William Trost Richards

1833 - 1905

Gratz Gallery Outside

William Trost Richards

William Trost Richards was born in Philadelphia and began to draw at a young age. After the death of his father in 1847, he withdrew from Central High School to support his family and worked as a designer of ornamental metal fixtures. Richards and William Stanley Haseltine (1835 - 1900) studied painting with German landscape painter Paul Weber in 1850, and took classes at the Pennsylvania Academy of the Fine Arts, where he first exhibited in 1852 and was elected an academician the following year. During the early 1850s he went on sketching trips to the Hudson River Valley in New York and met such noted landscape painters as Frederic Edwin Church, Jasper F. Cropsey, and John F. Kensett. In 1855 he went to Europe and toured the continent and returned to Philadelphia the following year, married, and settled in Germantown.

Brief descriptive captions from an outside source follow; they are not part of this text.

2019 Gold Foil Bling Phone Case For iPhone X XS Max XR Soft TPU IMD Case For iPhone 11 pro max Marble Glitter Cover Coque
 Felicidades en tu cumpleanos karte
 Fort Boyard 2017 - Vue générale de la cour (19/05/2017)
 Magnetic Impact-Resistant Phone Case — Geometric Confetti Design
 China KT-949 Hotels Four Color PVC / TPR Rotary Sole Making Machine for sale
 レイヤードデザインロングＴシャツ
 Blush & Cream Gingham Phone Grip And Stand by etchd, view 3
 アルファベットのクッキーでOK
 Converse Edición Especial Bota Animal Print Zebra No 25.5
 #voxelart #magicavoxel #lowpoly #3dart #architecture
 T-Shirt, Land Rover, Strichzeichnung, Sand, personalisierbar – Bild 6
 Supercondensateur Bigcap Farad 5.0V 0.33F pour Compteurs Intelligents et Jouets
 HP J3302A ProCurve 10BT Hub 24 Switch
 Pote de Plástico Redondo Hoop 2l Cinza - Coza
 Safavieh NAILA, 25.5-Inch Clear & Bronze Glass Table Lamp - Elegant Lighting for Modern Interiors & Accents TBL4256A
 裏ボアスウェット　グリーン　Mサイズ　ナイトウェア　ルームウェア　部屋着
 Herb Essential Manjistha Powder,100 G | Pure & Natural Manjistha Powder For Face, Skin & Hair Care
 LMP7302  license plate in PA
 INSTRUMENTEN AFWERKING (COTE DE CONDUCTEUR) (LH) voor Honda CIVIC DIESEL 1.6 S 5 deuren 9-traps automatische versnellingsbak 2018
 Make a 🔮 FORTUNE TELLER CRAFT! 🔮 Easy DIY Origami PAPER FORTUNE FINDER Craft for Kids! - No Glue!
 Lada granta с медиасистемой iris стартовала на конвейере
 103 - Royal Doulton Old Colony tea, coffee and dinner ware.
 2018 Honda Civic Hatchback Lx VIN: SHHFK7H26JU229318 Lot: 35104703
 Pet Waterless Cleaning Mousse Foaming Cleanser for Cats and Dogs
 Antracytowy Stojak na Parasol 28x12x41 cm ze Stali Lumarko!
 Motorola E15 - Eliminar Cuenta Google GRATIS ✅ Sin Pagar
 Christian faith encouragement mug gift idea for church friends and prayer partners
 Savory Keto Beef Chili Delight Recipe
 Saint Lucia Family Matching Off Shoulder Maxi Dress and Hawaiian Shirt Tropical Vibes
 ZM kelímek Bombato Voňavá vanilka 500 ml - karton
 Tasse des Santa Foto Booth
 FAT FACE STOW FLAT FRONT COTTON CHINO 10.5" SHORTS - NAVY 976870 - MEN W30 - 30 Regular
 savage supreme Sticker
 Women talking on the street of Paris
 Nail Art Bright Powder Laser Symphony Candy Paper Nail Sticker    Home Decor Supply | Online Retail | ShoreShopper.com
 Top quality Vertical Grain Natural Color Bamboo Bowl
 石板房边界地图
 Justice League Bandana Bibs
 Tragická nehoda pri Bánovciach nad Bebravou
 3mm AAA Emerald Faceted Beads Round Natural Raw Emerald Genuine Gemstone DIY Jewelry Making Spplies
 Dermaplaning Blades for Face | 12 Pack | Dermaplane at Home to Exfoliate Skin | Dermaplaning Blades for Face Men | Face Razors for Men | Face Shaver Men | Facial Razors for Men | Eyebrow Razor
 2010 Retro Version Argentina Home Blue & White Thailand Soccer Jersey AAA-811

Early in his career Richards painted forest scenes in the extremely detailed style advocated by John Ruskin and the Pre-Raphaelites, and he joined the Society of Truth in Art in 1863. Richards was elected an honorary member of the National Academy of Design in 1862 and a full academician in 1871. Following a second visit to Europe in 1866, Richards began to concentrate on marine subjects, and he achieved fame for his depictions of coastal scenes. He became adept at watercolor and joined the American Watercolor Society in 1874. He lived in Great Britain from 1878 to 1880 and had a studio in London. Subsequently Richards returned to Philadelphia and spent some summers in Atlantic City and Cape May.